**RECORDS TO PROCESS**.
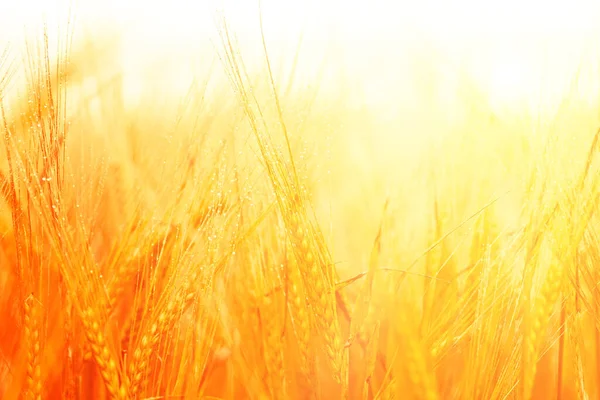 Pšeničné Pole Uši Zlaté Pšenice Rozmazané Pozadí — Stock fotografie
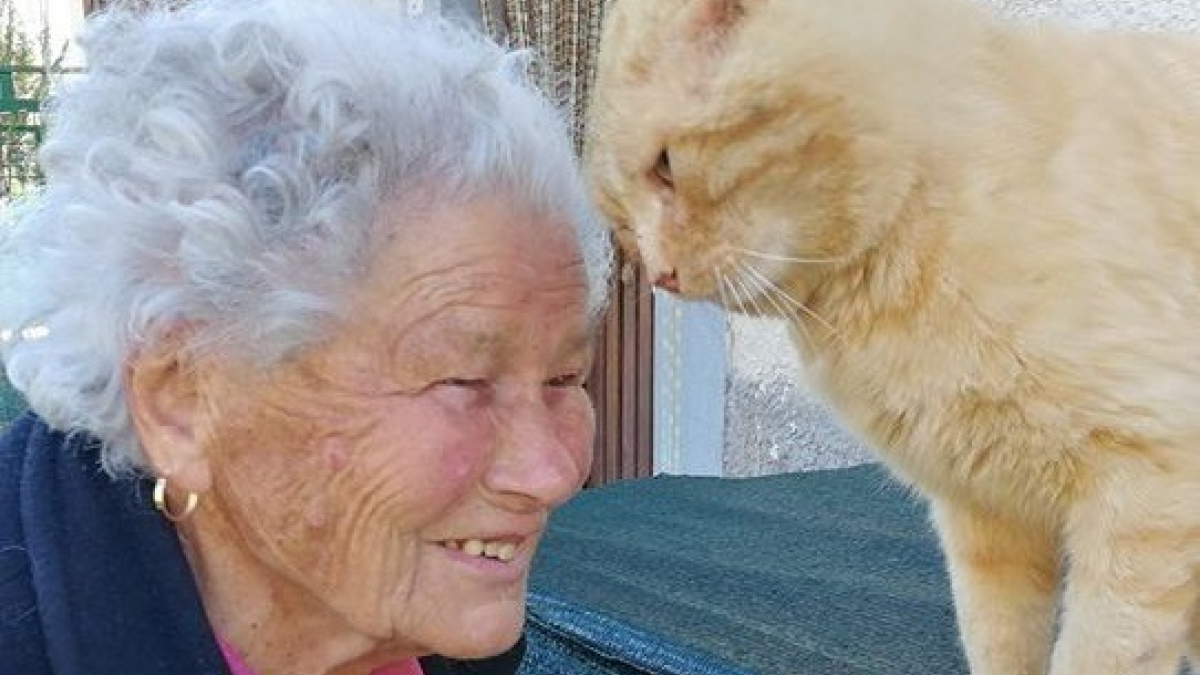 Illustration : "(Vidéo) Les émouvantes retrouvailles entre un chat et sa maîtresse après 4 ans de séparation"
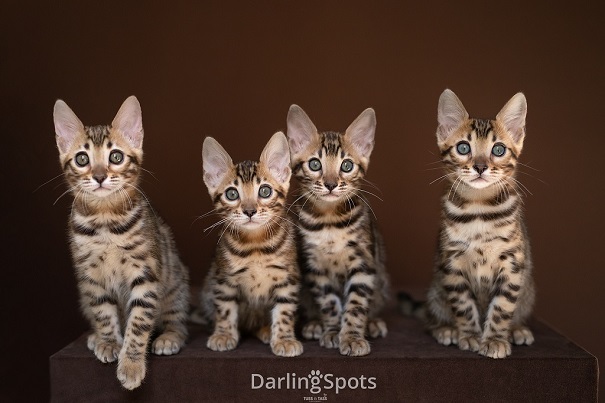 Svartspotted bengal, bengal katt, bengal, bengalkattungar, bengalkatt, bengaluppfödare, bengaluppfödare i Stockholm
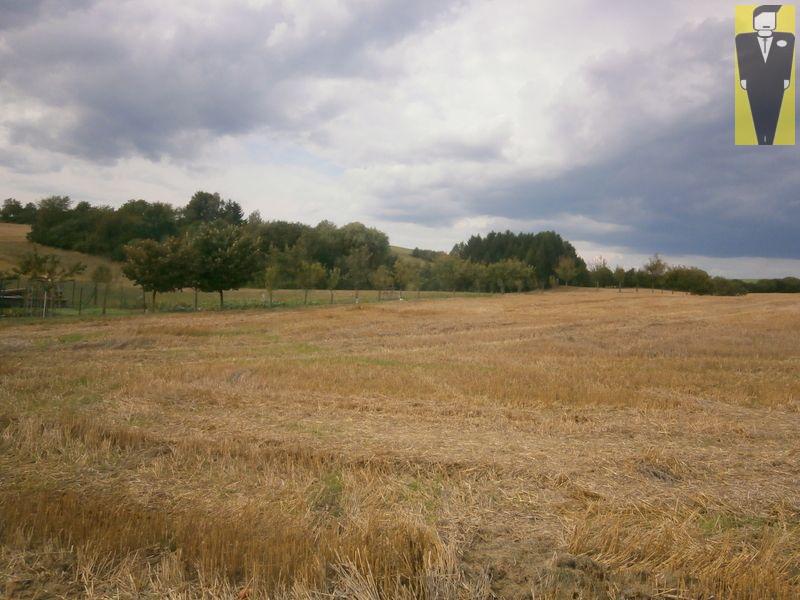 Prodej pozemku Horka nad Moravou, CP 3637, obrázek č. 2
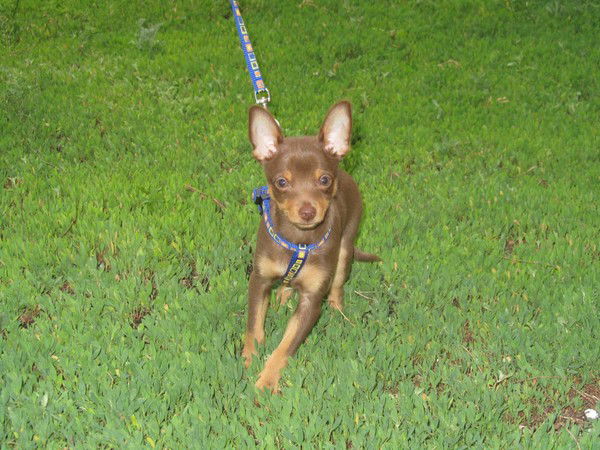 Елизавета Михайлова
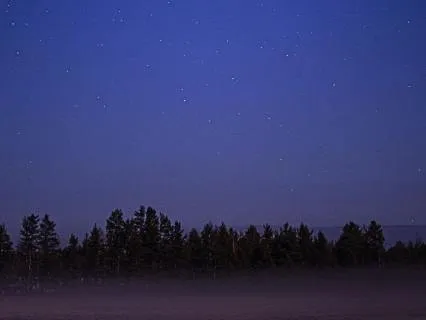 Summer Night Skies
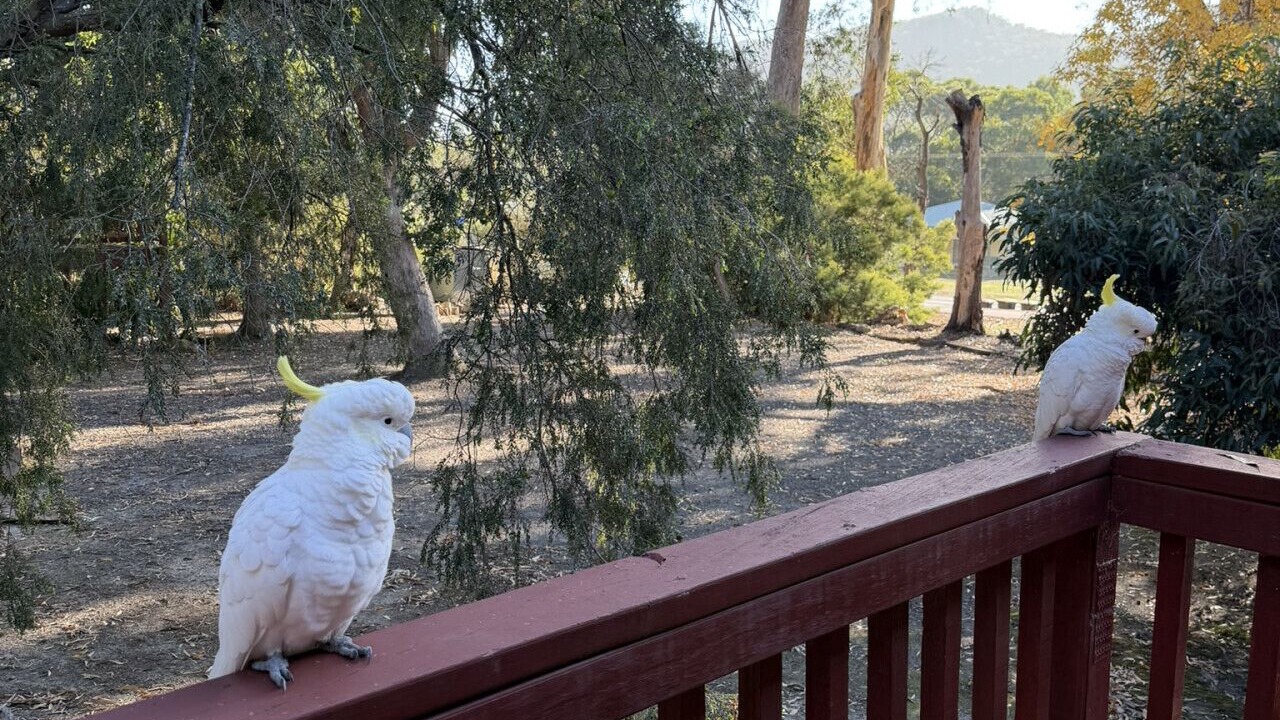Photo of Outdoor in Halls Gap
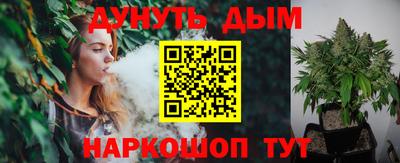 шишки Кингисепп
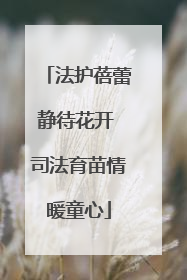 法护蓓蕾静待花开 司法育苗情暖童心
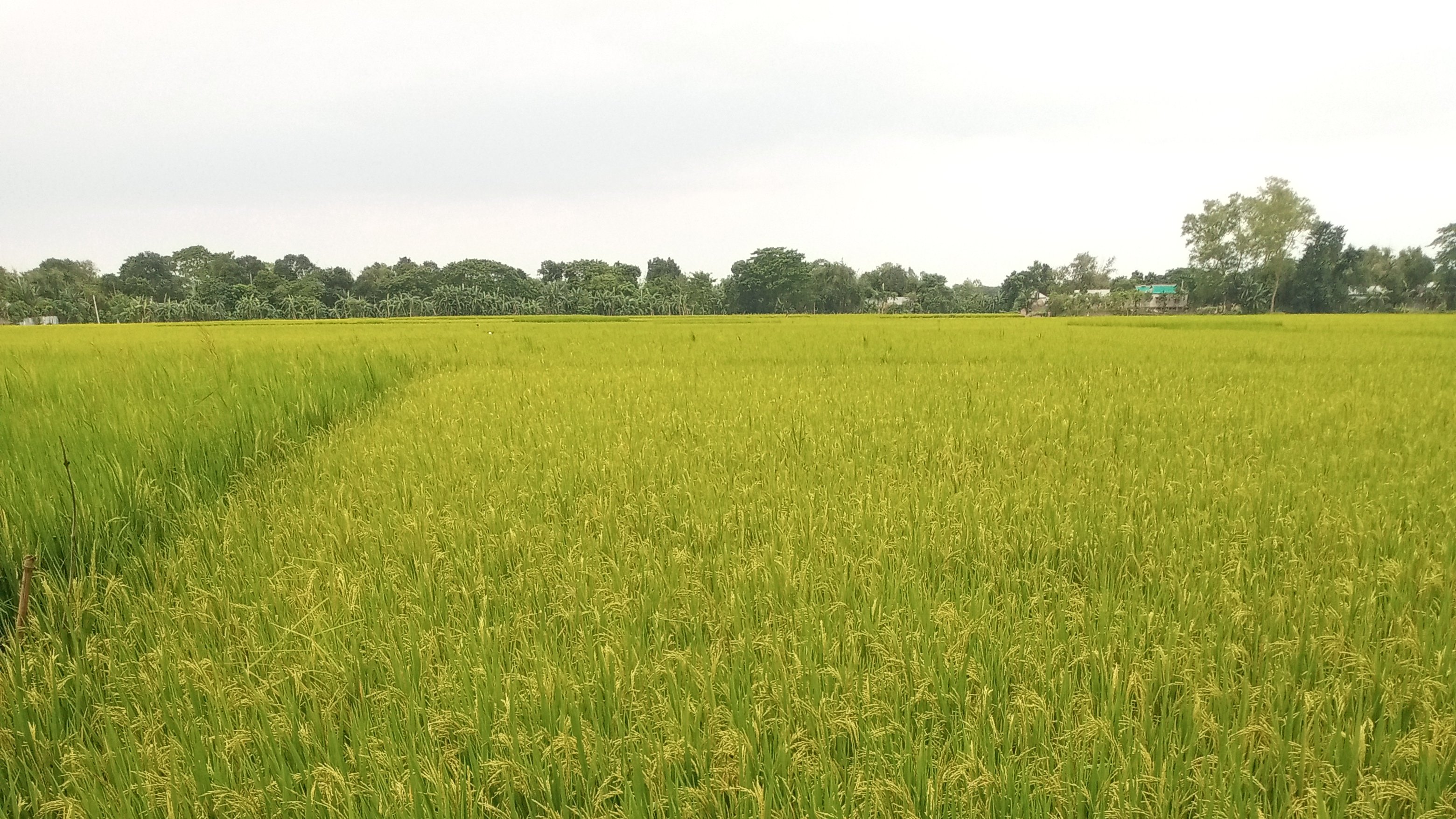 সবুজ গাছে উঁকি দিচ্ছে সোনালি শীষ, রঙিন স্বপ্নে বিভোর কৃষক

**TASK STATEMENT**. All that belongs in the answer is the exact run of lines from the line containing "Елизавета Михайлова" to the end of the listing above, pictures removed.

**ANSWER FOR THIS EXERCISE**.
 Елизавета Михайлова
 Summer Night Skies
Photo of Outdoor in Halls Gap
 шишки Кингисепп
 法护蓓蕾静待花开 司法育苗情暖童心
 সবুজ গাছে উঁকি দিচ্ছে সোনালি শীষ, রঙিন স্বপ্নে বিভোর কৃষক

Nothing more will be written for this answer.